Na sequência, Nietzsche pergunta a seu interlocutor imaginário se ele se jogaria no chão, rangendo os dentes de raiva por uma tal condenação tão atroz, ou se saudaria aquele que lhe revela essa sentença como a um anjo anunciador de uma alegria infinita. A provocação de Nietzsche tem, no fundo, uma intenção libertadora, pois o parágrafo conclui dizendo que, frente a cada decisão importante, a cada realização da obrigação e do dever, deveríamos perguntar se queremos realmente aquilo em nossa vida não apenas agora, mas em todas as suas infinitas repetições. Dessa forma, a partir do peso, não apenas ganharíamos a capacidade de escolher apenas o que for mais importante para nossas vidas, deixando de lado as superfluidades e sendo capaz de afirmar que sim, amamos nossa vida e tudo o que dela faz parte a ponto de querermos que tudo isso se repita pela eternidade, como saberíamos exatamente o que é que não queremos pela eternidade afora, pois o peso dessa condenação deve nos estimular a tomar as rédeas de nossas vidas e a mudar tudo aquilo que não suportamos mais, para evitar a sua repetição infinita.

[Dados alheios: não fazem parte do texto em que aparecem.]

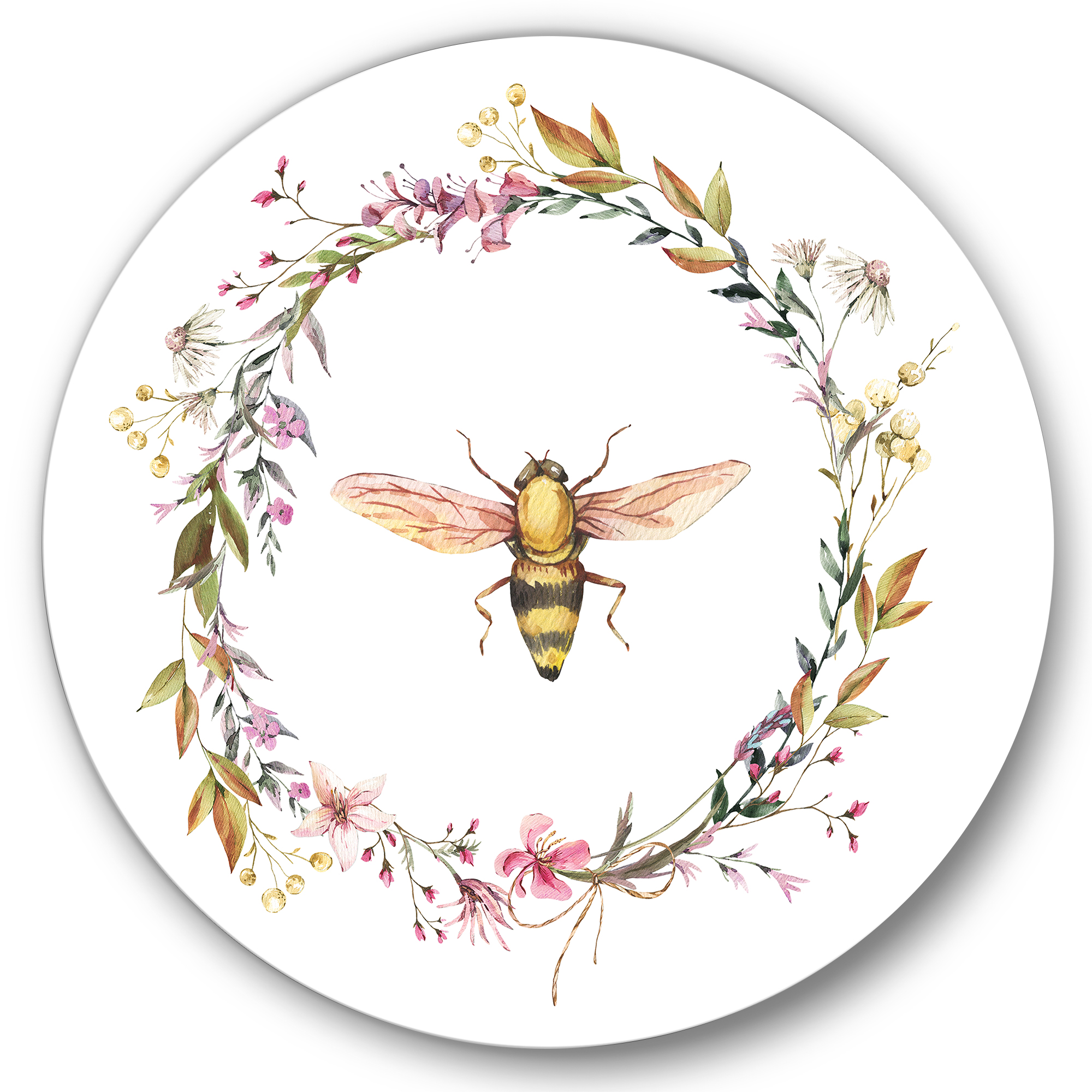 Designart 'Wildflowers Wreath and A Bee' Farmhouse Circle Metal Wall Art 11x11 - Disc of 11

Esse pensamento obscuro é, de certa forma, uma tentativa de valorizar a vida e tomar a posse autônoma do rumo dela, pois tanto Nietzsche quanto nós todos sabemos que, na verdade, a vida não vai realizar essa repetição infinita, e sim ser a seqüência fugaz de nossa existência em sua insustentável leveza, de maneira que, para podermos nos contentar com a sua fugitividade, devemos dar o valor da eternidade a cada momento, reconhecendo a beleza e o valor eterno de cada gesto nosso para com as pessoas que amamos e delas para conosco, a fim de que possamos dizer quando nos perguntem sobre a repetição infinita da vida: Sim, eu quero!